- _AIM OF THE TASK_
In the records below, find the line with "vintage french fabric", then retype it and every following line exactly, stopping after the line with "Shoeless Joe Christmas". Leave the pictures out.

(DATA TO EXAMINE Opens)

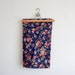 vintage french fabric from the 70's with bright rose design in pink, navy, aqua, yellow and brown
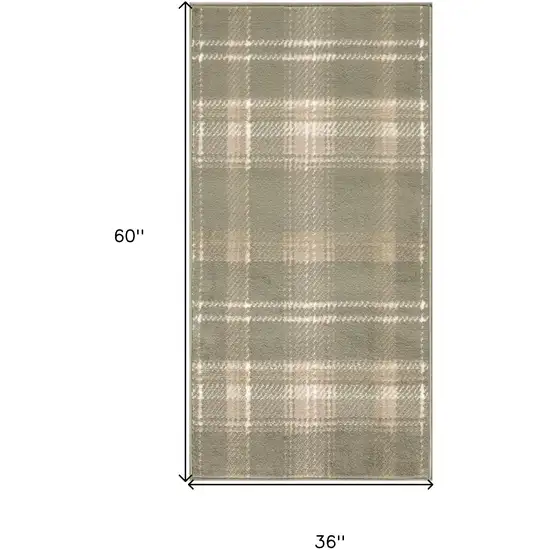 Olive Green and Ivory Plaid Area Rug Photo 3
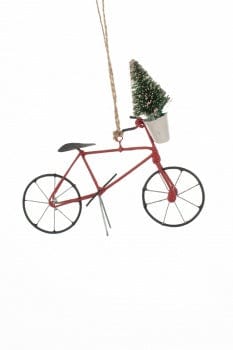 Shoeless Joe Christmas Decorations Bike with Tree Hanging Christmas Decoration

(DATA TO EXAMINE Closes)
(DATA TO EXAMINE Opens)

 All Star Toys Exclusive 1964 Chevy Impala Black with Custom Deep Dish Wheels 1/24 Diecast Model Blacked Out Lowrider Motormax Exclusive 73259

(DATA TO EXAMINE Closes)
(DATA TO EXAMINE Opens)

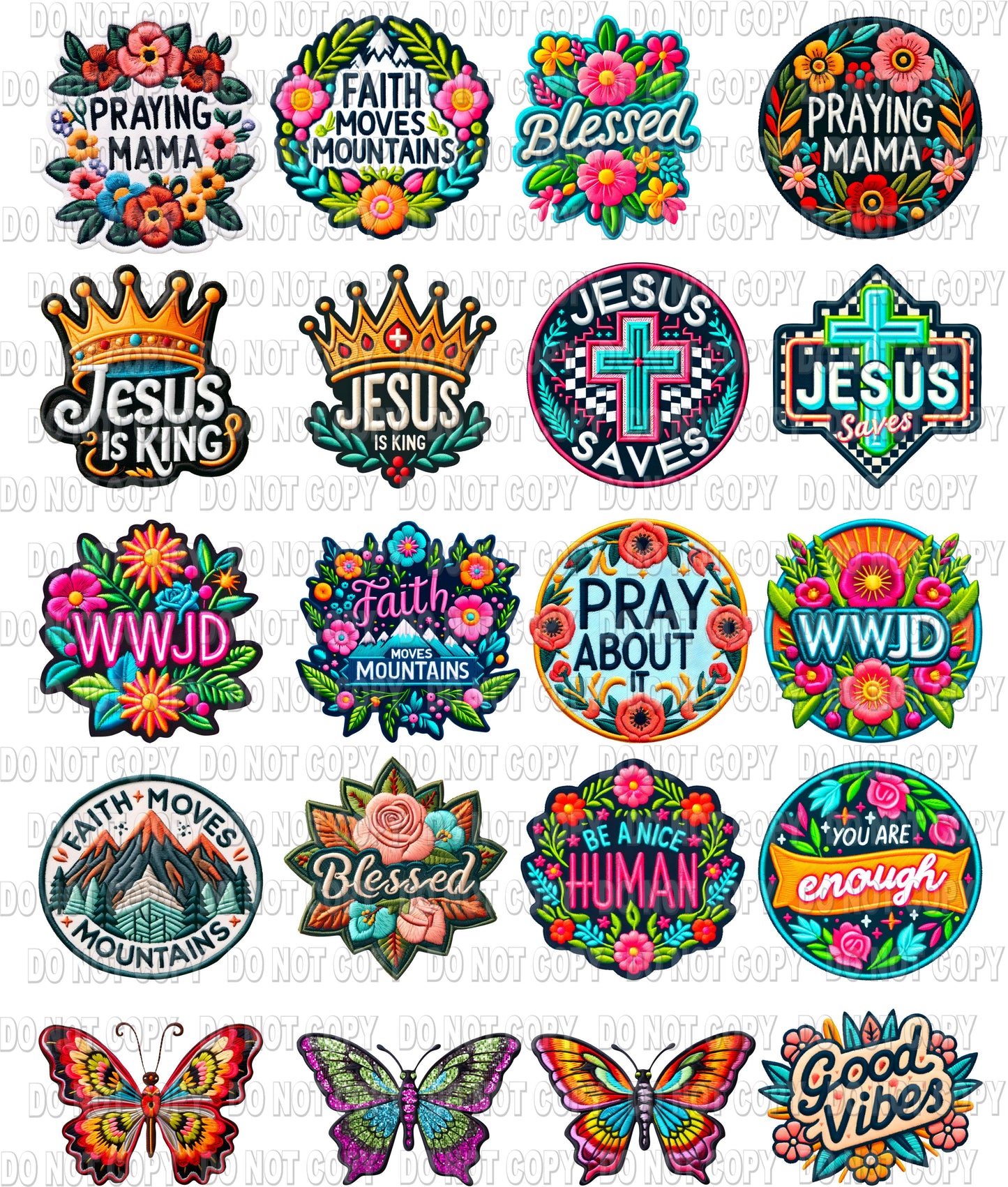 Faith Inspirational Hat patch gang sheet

(DATA TO EXAMINE Closes)

- _RESPONSE TO THIS EXERCISE_
 vintage french fabric from the 70's with bright rose design in pink, navy, aqua, yellow and brown
 Olive Green and Ivory Plaid Area Rug Photo 3
 Shoeless Joe Christmas Decorations Bike with Tree Hanging Christmas Decoration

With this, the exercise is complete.